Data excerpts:

^^^^^^^^^^^^^^^^

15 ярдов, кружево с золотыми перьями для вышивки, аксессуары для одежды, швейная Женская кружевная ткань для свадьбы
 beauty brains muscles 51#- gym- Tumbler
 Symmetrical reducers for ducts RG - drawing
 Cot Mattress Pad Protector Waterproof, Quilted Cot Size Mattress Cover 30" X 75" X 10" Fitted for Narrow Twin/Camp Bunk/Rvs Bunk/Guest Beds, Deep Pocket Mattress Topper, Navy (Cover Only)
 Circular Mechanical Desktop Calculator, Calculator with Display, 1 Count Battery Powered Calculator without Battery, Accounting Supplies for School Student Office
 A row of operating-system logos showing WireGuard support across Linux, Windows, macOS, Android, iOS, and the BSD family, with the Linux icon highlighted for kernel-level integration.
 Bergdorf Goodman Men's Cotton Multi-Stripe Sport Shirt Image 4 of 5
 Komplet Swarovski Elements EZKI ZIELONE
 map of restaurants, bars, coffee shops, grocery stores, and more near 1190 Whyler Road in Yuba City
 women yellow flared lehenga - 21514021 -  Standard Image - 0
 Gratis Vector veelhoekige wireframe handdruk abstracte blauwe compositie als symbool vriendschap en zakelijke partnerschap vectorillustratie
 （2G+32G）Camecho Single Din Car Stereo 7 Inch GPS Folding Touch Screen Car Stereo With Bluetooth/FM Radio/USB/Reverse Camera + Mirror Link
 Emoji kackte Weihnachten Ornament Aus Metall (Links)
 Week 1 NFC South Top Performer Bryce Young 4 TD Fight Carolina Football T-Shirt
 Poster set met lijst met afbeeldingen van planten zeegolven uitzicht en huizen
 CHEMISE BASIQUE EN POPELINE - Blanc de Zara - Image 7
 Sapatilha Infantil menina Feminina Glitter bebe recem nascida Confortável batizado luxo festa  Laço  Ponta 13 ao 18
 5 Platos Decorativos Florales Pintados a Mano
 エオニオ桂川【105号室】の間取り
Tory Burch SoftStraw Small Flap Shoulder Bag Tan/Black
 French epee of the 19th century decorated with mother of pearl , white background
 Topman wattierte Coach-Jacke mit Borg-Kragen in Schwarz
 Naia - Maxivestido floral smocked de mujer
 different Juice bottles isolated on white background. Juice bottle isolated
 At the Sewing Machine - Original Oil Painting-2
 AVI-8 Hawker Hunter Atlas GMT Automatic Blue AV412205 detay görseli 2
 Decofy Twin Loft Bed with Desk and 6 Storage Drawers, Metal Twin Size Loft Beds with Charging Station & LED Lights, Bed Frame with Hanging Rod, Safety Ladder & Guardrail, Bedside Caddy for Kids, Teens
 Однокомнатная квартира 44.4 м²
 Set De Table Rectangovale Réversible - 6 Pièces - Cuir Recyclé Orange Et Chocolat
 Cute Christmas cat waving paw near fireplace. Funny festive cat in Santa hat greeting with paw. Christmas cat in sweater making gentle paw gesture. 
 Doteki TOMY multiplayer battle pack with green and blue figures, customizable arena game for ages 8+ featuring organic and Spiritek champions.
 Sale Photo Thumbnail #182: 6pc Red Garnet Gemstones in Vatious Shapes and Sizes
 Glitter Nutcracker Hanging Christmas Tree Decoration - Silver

^^^^^^^^^^^^^^^^

• _Brief_: Please repeat each entry. Keep every word the same.

• _Answer below_:
15 ярдов, кружево с золотыми перьями для вышивки, аксессуары для одежды, швейная Женская кружевная ткань для свадьбы
 beauty brains muscles 51#- gym- Tumbler
 Symmetrical reducers for ducts RG - drawing
 Cot Mattress Pad Protector Waterproof, Quilted Cot Size Mattress Cover 30" X 75" X 10" Fitted for Narrow Twin/Camp Bunk/Rvs Bunk/Guest Beds, Deep Pocket Mattress Topper, Navy (Cover Only)
 Circular Mechanical Desktop Calculator, Calculator with Display, 1 Count Battery Powered Calculator without Battery, Accounting Supplies for School Student Office
 A row of operating-system logos showing WireGuard support across Linux, Windows, macOS, Android, iOS, and the BSD family, with the Linux icon highlighted for kernel-level integration.
 Bergdorf Goodman Men's Cotton Multi-Stripe Sport Shirt Image 4 of 5
 Komplet Swarovski Elements EZKI ZIELONE
 map of restaurants, bars, coffee shops, grocery stores, and more near 1190 Whyler Road in Yuba City
 women yellow flared lehenga - 21514021 -  Standard Image - 0
 Gratis Vector veelhoekige wireframe handdruk abstracte blauwe compositie als symbool vriendschap en zakelijke partnerschap vectorillustratie
 （2G+32G）Camecho Single Din Car Stereo 7 Inch GPS Folding Touch Screen Car Stereo With Bluetooth/FM Radio/USB/Reverse Camera + Mirror Link
 Emoji kackte Weihnachten Ornament Aus Metall (Links)
 Week 1 NFC South Top Performer Bryce Young 4 TD Fight Carolina Football T-Shirt
 Poster set met lijst met afbeeldingen van planten zeegolven uitzicht en huizen
 CHEMISE BASIQUE EN POPELINE - Blanc de Zara - Image 7
 Sapatilha Infantil menina Feminina Glitter bebe recem nascida Confortável batizado luxo festa  Laço  Ponta 13 ao 18
 5 Platos Decorativos Florales Pintados a Mano
 エオニオ桂川【105号室】の間取り
Tory Burch SoftStraw Small Flap Shoulder Bag Tan/Black
 French epee of the 19th century decorated with mother of pearl , white background
 Topman wattierte Coach-Jacke mit Borg-Kragen in Schwarz
 Naia - Maxivestido floral smocked de mujer
 different Juice bottles isolated on white background. Juice bottle isolated
 At the Sewing Machine - Original Oil Painting-2
 AVI-8 Hawker Hunter Atlas GMT Automatic Blue AV412205 detay görseli 2
 Decofy Twin Loft Bed with Desk and 6 Storage Drawers, Metal Twin Size Loft Beds with Charging Station & LED Lights, Bed Frame with Hanging Rod, Safety Ladder & Guardrail, Bedside Caddy for Kids, Teens
 Однокомнатная квартира 44.4 м²
 Set De Table Rectangovale Réversible - 6 Pièces - Cuir Recyclé Orange Et Chocolat
 Cute Christmas cat waving paw near fireplace. Funny festive cat in Santa hat greeting with paw. Christmas cat in sweater making gentle paw gesture. 
 Doteki TOMY multiplayer battle pack with green and blue figures, customizable arena game for ages 8+ featuring organic and Spiritek champions.
 Sale Photo Thumbnail #182: 6pc Red Garnet Gemstones in Vatious Shapes and Sizes
 Glitter Nutcracker Hanging Christmas Tree Decoration - Silver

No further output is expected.